== Segment start ==

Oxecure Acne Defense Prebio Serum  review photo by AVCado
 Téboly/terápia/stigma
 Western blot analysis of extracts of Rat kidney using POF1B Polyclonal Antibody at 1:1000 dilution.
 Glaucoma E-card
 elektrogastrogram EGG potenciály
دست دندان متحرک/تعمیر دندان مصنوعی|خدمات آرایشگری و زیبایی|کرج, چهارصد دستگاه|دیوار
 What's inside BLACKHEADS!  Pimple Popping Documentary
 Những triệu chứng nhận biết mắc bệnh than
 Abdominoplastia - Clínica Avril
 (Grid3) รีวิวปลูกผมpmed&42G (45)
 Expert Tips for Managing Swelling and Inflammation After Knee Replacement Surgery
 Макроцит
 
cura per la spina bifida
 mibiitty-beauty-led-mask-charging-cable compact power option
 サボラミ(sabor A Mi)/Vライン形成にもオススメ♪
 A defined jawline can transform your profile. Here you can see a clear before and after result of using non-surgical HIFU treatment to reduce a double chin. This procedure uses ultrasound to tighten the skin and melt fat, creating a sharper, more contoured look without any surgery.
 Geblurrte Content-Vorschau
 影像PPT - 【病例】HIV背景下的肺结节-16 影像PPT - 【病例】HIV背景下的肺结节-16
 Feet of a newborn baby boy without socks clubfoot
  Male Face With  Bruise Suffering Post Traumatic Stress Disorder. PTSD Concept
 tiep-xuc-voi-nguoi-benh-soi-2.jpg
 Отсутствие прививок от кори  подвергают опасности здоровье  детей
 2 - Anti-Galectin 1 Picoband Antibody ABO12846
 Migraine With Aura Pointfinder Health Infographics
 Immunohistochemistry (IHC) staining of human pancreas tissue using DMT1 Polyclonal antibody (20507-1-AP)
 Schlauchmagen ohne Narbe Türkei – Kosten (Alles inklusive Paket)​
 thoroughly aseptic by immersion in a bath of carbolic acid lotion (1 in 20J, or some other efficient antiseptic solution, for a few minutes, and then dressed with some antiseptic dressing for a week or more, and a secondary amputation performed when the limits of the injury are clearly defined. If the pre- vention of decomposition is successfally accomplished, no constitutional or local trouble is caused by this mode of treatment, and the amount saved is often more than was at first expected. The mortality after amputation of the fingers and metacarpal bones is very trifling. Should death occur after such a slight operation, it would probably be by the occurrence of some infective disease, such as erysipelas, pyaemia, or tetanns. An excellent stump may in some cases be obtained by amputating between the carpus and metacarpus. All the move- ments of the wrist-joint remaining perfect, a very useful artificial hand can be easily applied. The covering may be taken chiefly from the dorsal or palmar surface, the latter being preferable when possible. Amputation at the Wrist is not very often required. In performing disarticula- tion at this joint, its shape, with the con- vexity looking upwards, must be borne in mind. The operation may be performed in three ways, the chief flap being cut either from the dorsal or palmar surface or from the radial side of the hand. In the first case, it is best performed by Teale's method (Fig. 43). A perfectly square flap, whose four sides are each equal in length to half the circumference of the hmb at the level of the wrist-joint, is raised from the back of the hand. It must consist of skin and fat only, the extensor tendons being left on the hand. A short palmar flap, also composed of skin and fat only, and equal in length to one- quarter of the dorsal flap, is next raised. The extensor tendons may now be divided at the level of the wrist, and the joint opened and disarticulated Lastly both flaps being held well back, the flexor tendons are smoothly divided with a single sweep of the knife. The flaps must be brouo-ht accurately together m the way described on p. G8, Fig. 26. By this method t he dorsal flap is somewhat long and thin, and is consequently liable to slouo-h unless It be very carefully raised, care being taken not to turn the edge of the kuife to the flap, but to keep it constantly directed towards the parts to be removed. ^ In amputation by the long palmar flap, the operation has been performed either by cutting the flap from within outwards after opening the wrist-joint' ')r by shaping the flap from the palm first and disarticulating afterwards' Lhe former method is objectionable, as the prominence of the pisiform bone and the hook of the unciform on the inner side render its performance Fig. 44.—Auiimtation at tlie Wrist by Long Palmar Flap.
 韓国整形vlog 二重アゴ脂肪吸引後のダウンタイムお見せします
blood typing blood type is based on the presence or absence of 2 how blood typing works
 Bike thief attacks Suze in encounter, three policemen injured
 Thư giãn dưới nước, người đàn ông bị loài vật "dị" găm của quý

== Segment end ==

• EXERCISE AIM:
Write out only the lines that run from the line containing "دست دندان متحرک/تعمیر" through the line containing "サボラミ(sabor A Mi)/Vライン形成にもオススメ♪", both included, exactly as they appear above.

• ANSWER SPACE:
دست دندان متحرک/تعمیر دندان مصنوعی|خدمات آرایشگری و زیبایی|کرج, چهارصد دستگاه|دیوار
 What's inside BLACKHEADS!  Pimple Popping Documentary
 Những triệu chứng nhận biết mắc bệnh than
 Abdominoplastia - Clínica Avril
 (Grid3) รีวิวปลูกผมpmed&42G (45)
 Expert Tips for Managing Swelling and Inflammation After Knee Replacement Surgery
 Макроцит
 
cura per la spina bifida
 mibiitty-beauty-led-mask-charging-cable compact power option
 サボラミ(sabor A Mi)/Vライン形成にもオススメ♪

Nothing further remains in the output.